Naquele tempo parecia ter o céu um azul mais céu. E as
nuvens costumavam brincar como carneirinhos correndo soltos ao vento. Só
faltava mesmo o verde de uma colina qualquer.
E ele costumava me acordar antes do nascer do sol para ver
os primeiros raios aparecerem do alto do morro.
E me levava em seus braços. Eu, ainda sonolenta, sentia
aquela alegria única de ver o mundo amanhecer naqueles braços, meu porto.
Tirava-me da cama, sem coberta e eu era despertada pela brisa fria da manhã da
vida.
E caminhava comigo ouvido o cocorejar dos galos, a doce
melodia do dia que chegava. E não lembro mais de nenhuma viv´alma que
presenciava aqueles momentos. Tão meu e dele. Só nós protagonistas. E eu sorria
o riso mais aberto do meu coração em flor. Eu sorria a plenitude daquele amor.
Atravessávamos o quintal e o pé de manacá ao lado do
portãozinho do fundo parecia dar até logo. E saíamos para desbravar o mundo
novo do dia que nascia. Eu vestida de inocência, ele despido de ambição. E
chegávamos no morro. Ele me erguia para perto do céu. O sol me abraçava. E a
vida me intimava a crescer.
E meu pai, quando me acordava antes do dia nascer.
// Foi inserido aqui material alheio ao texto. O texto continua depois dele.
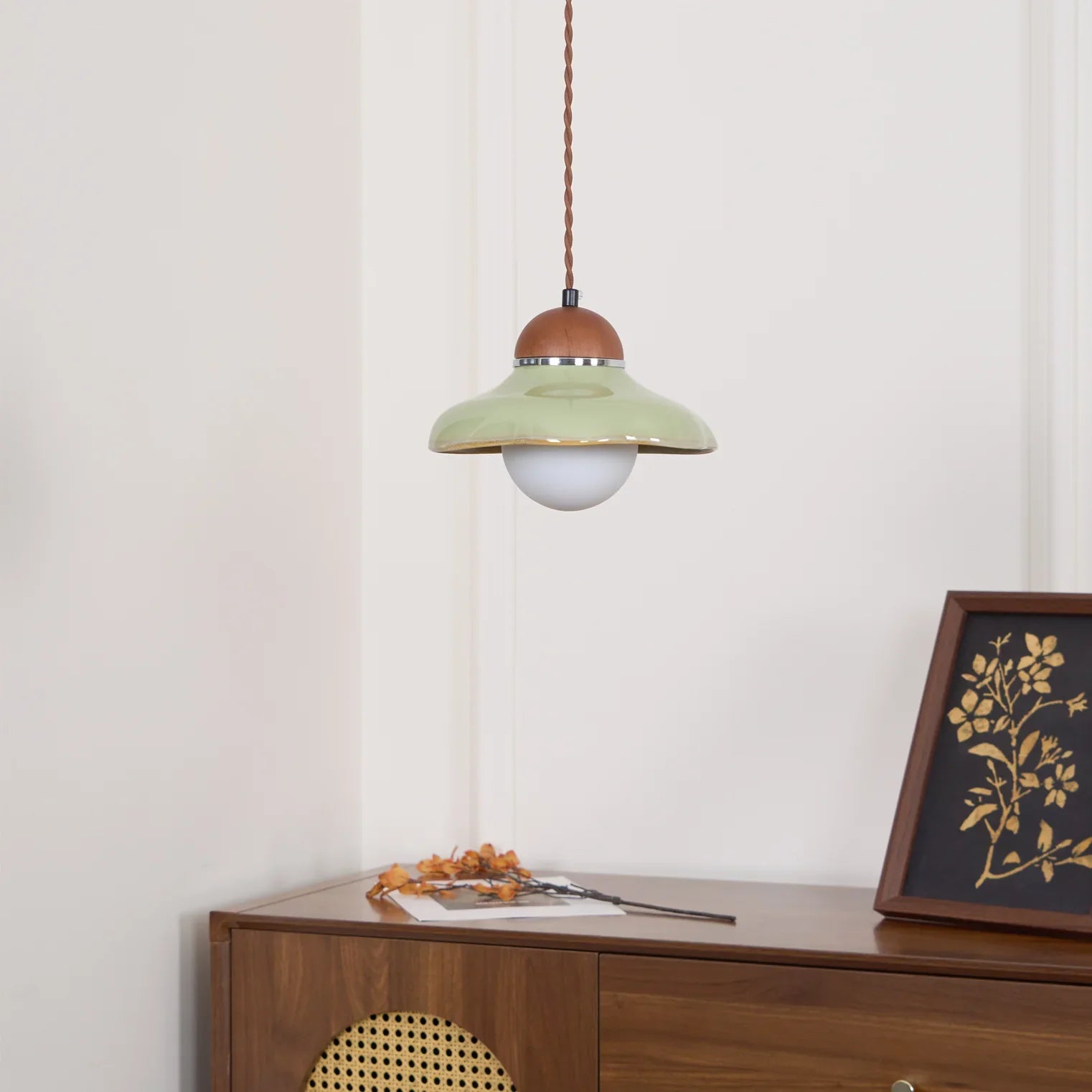 Green Ceramic Pendant Light with Frosted Glass Diffuser | Valoren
Me
mostrava que a vida seria assim... Sempre. Um convite. Uma dádiva. Inevitável
fenómeno.
E seus braços me guiavam à
sensibilidade. Talvez um batismo no mundo dos sentidos raros. Mas meu
pai, ao som do cocorejar dos galos e do canto dos primeiros pássaros, me
acordou pro amor. E o nosso amor foi sempre um amor puro, extrato, fina
essência, azul de matizes de um céu que amanhece. E até hoje, quando preciso
acordar na vida antes da vida amanhecer, sinto-me em seus braços, porto das
minhas aflições. Desperto-me com a brisa fria dos recomeços. Costumo sorrir
plena, repleta de um amanhecer e mais perto do céu.